## About this task
All that is needed is an exact copy of the lines from the beginning of the data below through the line containing "a box of pastries", minus the pictures.
---- Data
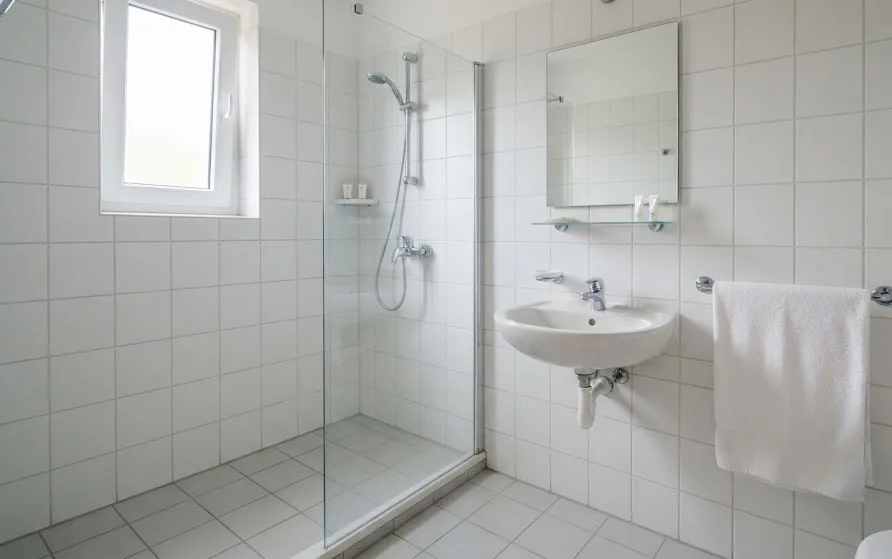 Small white-tiled hotel bathroom with a walk-in shower, basin, mirror and folded towel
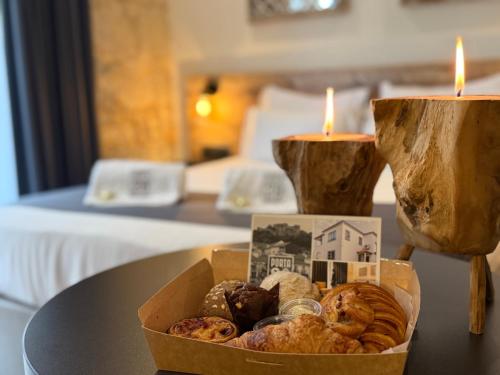a box of pastries on a table with two candles at Porta 20 Boutique Guesthouse in Leiria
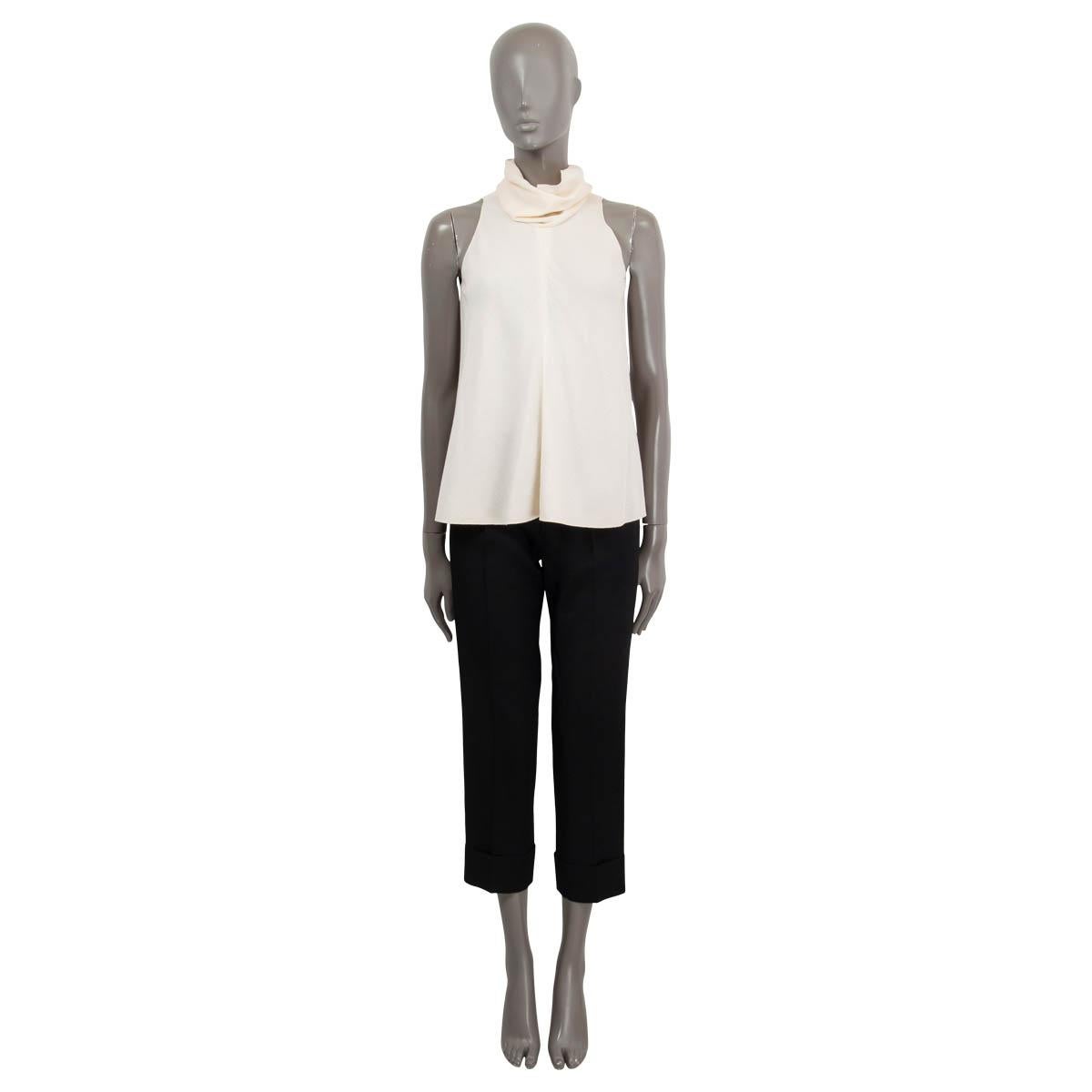 100% authentic Chanel sleeveless turtleneck top in ivory wool (100%). Closes on the back with concealed metal hooks. Unlined. Has been worn and is in excellent condition.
--------
## Exercise solution
 Small white-tiled hotel bathroom with a walk-in shower, basin, mirror and folded towel
a box of pastries on a table with two candles at Porta 20 Boutique Guesthouse in Leiria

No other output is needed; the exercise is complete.